Obama dönemiyle başlayan ve geleneksel ABD-Körfez ittifakını sekteye uğratan hamleler, küresel rakip Çin’in artık Körfez ülkeleri için stratejik bir denge unsuru haline gelmesine fırsat tanıdı. Demokratların, insan hakları ve uluslararası hukuk söylemleri üzerinden, stratejik ürünlerin ihracatı konusunda KİK ülkelerine sırt dönmesi, Pekin yönetimi için en büyük enerji tedarikçilerinin bulunduğu bu bölgede bir fırsat yaratmıştır. Her ne kadar KİK ülkeleri ABD ile uzun senelerdir devam eden ekonomik ve askeri bağlarını güçlendirse de ticaret, yatırım ve altyapı projeleri alanında Çin ile ilişkilerini de derinleştirme fırsatı yakalamıştır. Trump’ın ilk resmi ziyaretinin adresi olarak bu bölgeyi tercih etmesi, bölgedeki ABD varlığını pekiştirerek Çin’in artan etkisini dengeleme amacı taşıyor. Körfez ülkeleri ise Biden döneminden çıkarılan derslerle hem ABD hem de Çin ile iyi ilişkilerini muhafaza ederek stratejik denge ortamını sürdürmeyi arzuluyor. Dolayısıyla bu ziyaret, Körfez-ABD ilişkilerinde restorasyon ve yakınlaşmayı mümkün kılsa da Körfez ülkelerinin Çin ile geliştirdikleri pragmatik ilişkileri bir çırpıda çöpe atacağını beklemek rasyonel değildir.

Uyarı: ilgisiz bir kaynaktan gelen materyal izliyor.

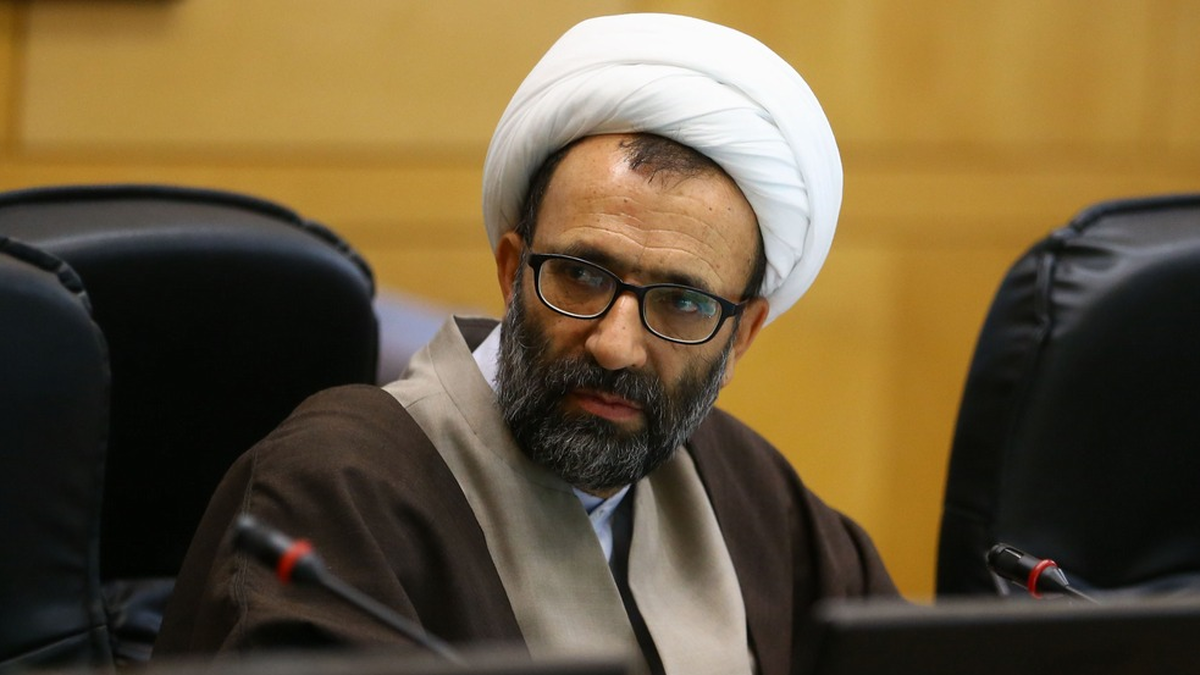سلیمی: مدنی زاده گزینه احتمالی دولت برای وزارت اقتصاد است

Ziyaretin etkin ve nitelikli bir sonuç vermesinin yolu, ABD’nin bölgedeki rolünün yeniden tanımlanması ve karşılıklı uzlaşmanın sağlanması üzerinden mümkün olacaktır. Ekonomik çıkarların korunması, teknolojik üstünlüğün sürdürülebilmesi ve bölgedeki hegemon rolünün korunması için Trump’ın, Körfez ülkelerinin Suriye, İran ve Filistin gibi konulardaki beklentilerine net yanıtlar ortaya koyması elzemdir.